A little over a month ago from today was the advent of what once was a great Brandeis tradition—the semesterly opening of the Rose Art Museum. The slow decline of the museum into stagnation is reflected in the foregoing of the usual opening night to anyone who is not on the guest list or a donor.
Gone is the ambitious advertising campaigns and the complementary coffee table that used to be a staple for the campus community, replaced by decay masquerading as a permanent installation.
At the heart of the Rose lies a black hole where the reflecting pool under the staircase once stood. Who knows what goes on after its limited opening hours? Who has a say in the artworks that are displayed and the exhibitions that are assembled before every semester? In the time where there is such a necessity for transparency both on and off campus, will it have to take yet another bombshell for the Rose to produce its own 25-page report?
This opaqueness is in great part what contributes to one of the biggest identity crises on campus. To us common Brandeis students, is the Rose Art Museum a right or a privilege? The current state of the museum certainly seems to lean towards the latter.
According to its website, we are supposed to be grateful by it being “always FREE” and take pride in its Picassos and Kusamas, among others. Yet, what is the use in clinging to these superfluous labels when in reality it is still virtually impossible for the everyday student to gain access to the over 9000 pieces of trapped artwork that the museum purports to be sitting on?
Meanwhile the facts are clear, there is no reason for the Rose to not be a right for all Brandeisians if our tuition is actively being used towards its funding.
But why is the Rose so hesitant towards even the tiniest bit of real student involvement? Currently, the biggest semblance of such an offering are solely the student gallery attendants, which unfortunately just make the Rose appear to be more invested in making sure students do not touch the artworks rather than giving them more resources so they can fully explore the true breadth of knowledge that these artworks can provide us.
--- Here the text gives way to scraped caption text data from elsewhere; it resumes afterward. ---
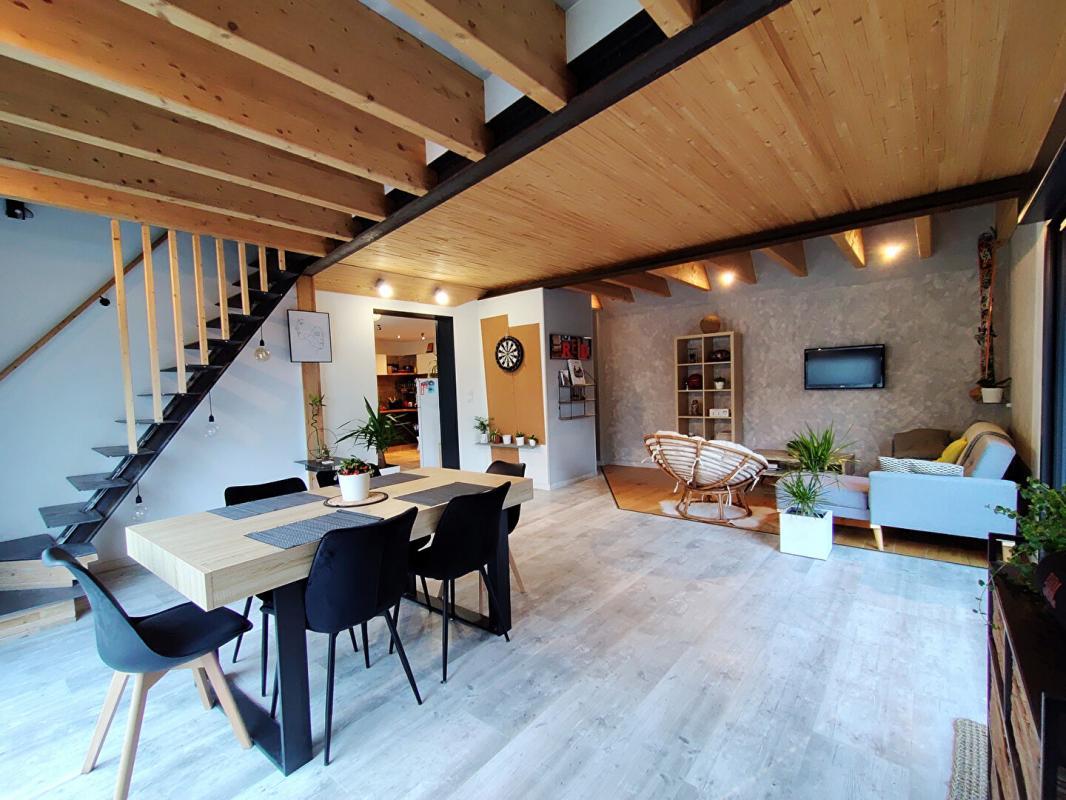 Maison 1 pièce 103 m²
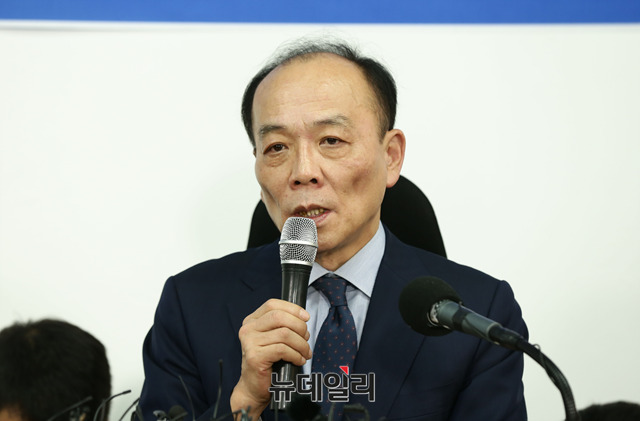 ▲ 자유한국당 조직강화특별위원에서 해촉된 전원책 변호사가 14일 오후 서울 여의도 극동VIP 빌딩에서 입장발표 기자회견을 갖고 있다. ⓒ뉴데일리 이종현 기자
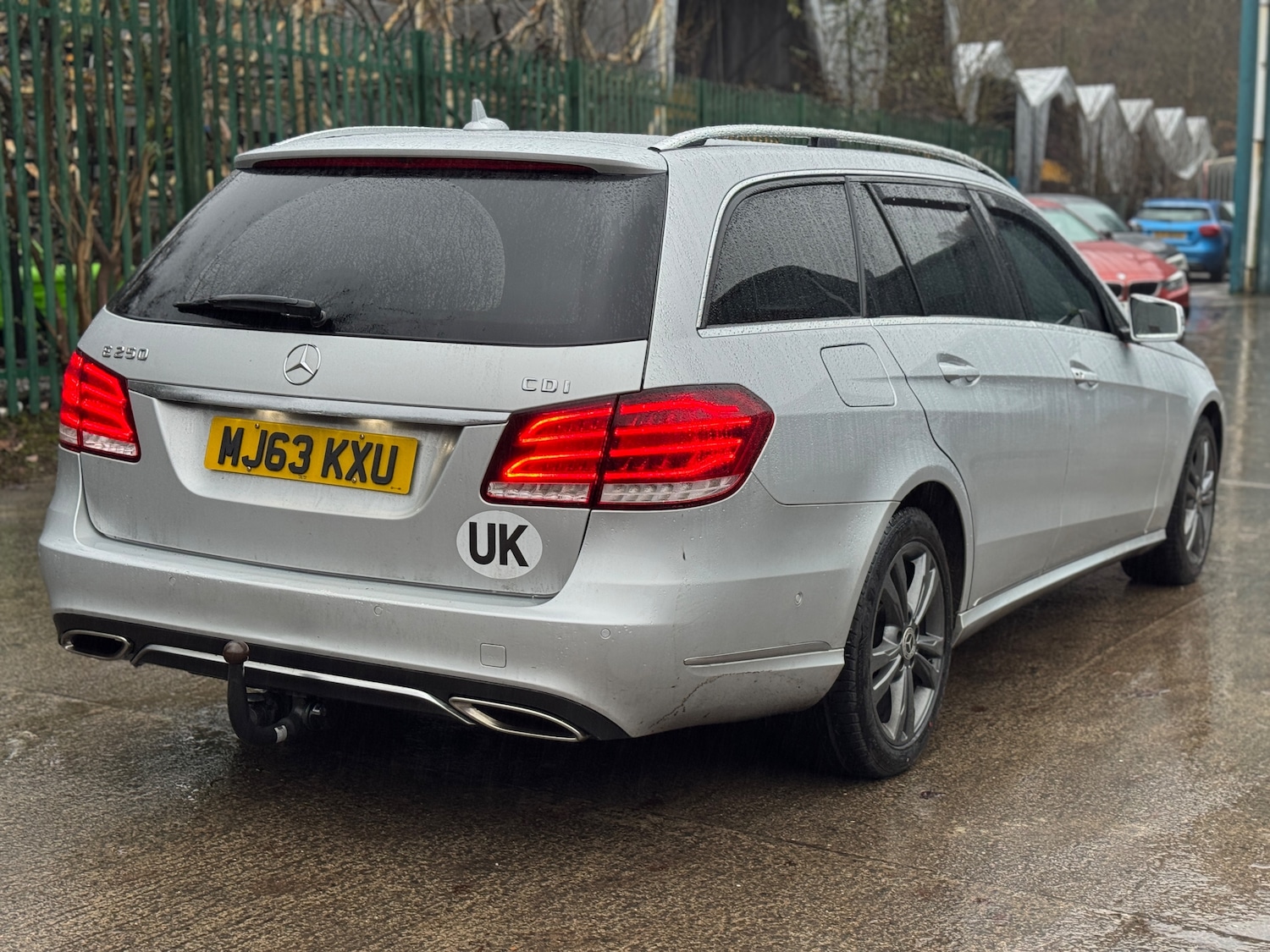 Used Mercedes-Benz E Class 2013 for sale - 76972967: Photo 3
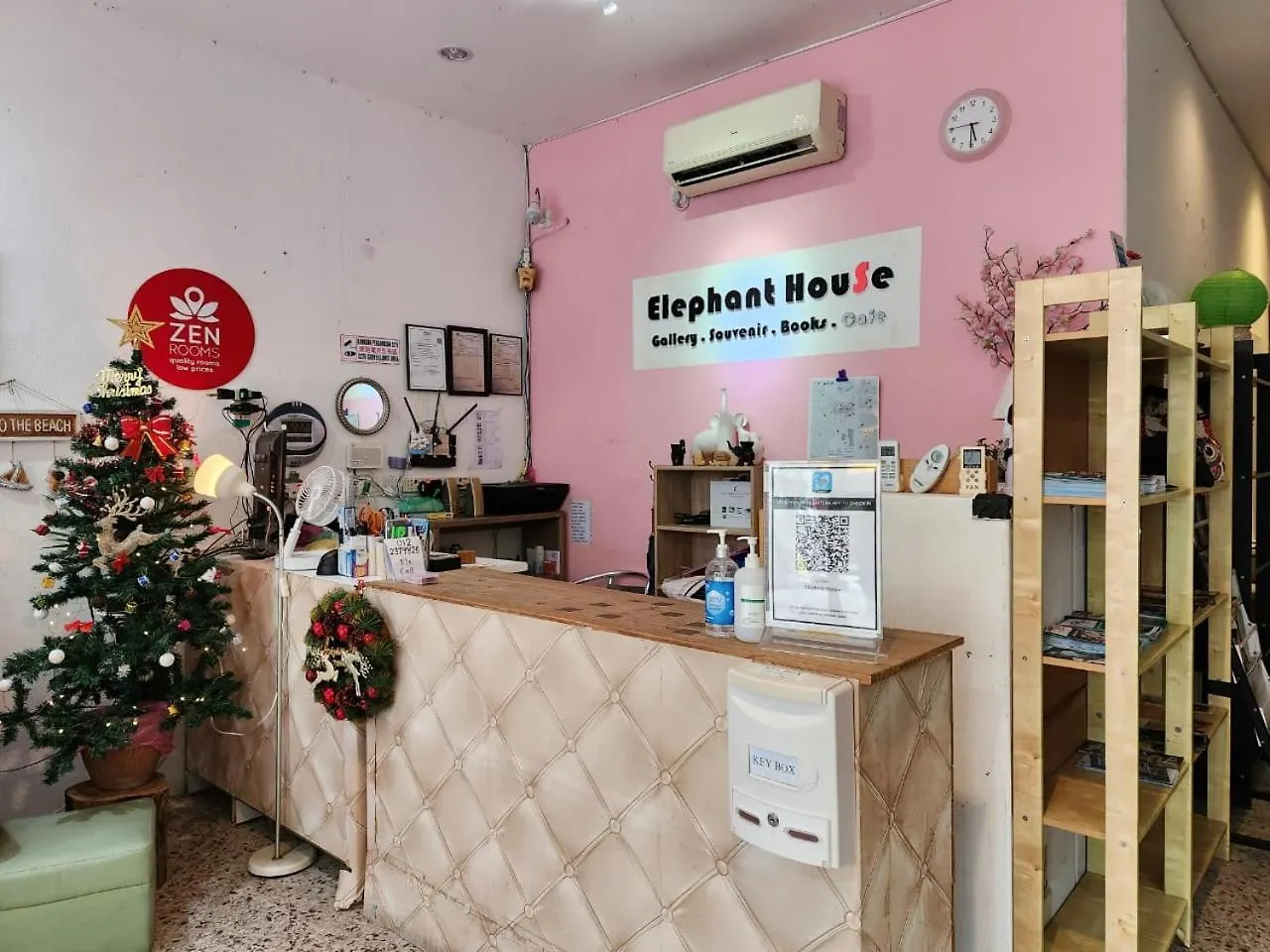 Elephant House Hotel جورج تاون 2*,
In another example, the Student Committee for the Rose Art Museum, or SCRAM, is an exemplary campus organization that has done a great service to the student body with its many projects, yet even they do not a have much of a say in what gets to be put on in the Rose Art Museum. They meet more often in the art studios than inside the museum that their committee’s name mentions.
And let’s not forget about the Rose interns. It is indisputable that they are more than qualified to be in that position, but has anyone heard of their existence until now? Has anyone ever been reached out to by a Rose Art Intern? Don’t worry, I was as surprised as you are.
Because the truth is clear, we know better than this. We are Brandeis students. In fact, we demand better than this.
The reality outlined in the stunning report announced by the finance administrators in the community meeting almost a year ago still rings in our minds to this day, and the reality of the Rose as one of the few “world-renowned art institutions” without a gift shop or a café or any tangible means for the community to be involved in is only beginning to sink in.
It is time that the museum trusted Brandeisians whose money they use as much as the curators who they deem to know more than us. It is the only way for the Rose to avoid another repeat of the closure crisis that happened years ago.